Only a "small number" of users have been affected by this "rare occurrence," Skype's Haas stated. "We're hoping to provide additional clarification shortly."

Skype's Security Issues

This isn't the first time Skype has had security problems. In May, a tool published on Pastebin that captures the last-known IP address of a Skype user made the headlines.

The tool exploited a flaw in a patched version of Skype 5.5 that lets anyone see another person's vCard and get that person's real user IP address and the IP address of the internal network card on that person's PC. More information about the target, such as where he or she is located and the Internet service provider the target is using, can then be obtained by going to a Whois service.

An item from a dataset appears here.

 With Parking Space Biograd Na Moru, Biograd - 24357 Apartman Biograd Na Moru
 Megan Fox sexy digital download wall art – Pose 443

The flaw was publicized in November of 2011 by an international team of researchers in a paper presented at the Internet Measurement Conference 2011 in Berlin. They contacted Skype and Microsoft, which had purchased Skype, about the flaw. Skype said in May that this flaw exists in all peer-to-peer software. Skype's Haas did not respond when asked whether this flaw had been fixed, and whether this flaw and the latest IM problem are related.

In April, a vulnerability in Skype for Android that would affect at least 10 million users of that app was discovered and publicized on the Android Police blog.

In June, a Skype user complained of security issues with Skype for iPad. About once a week, he'd get a message on his iPad that someone was calling him on Skype, or he'd see a message that he'd missed calls. In both cases the people apparently trying to contact him were not on his contact list.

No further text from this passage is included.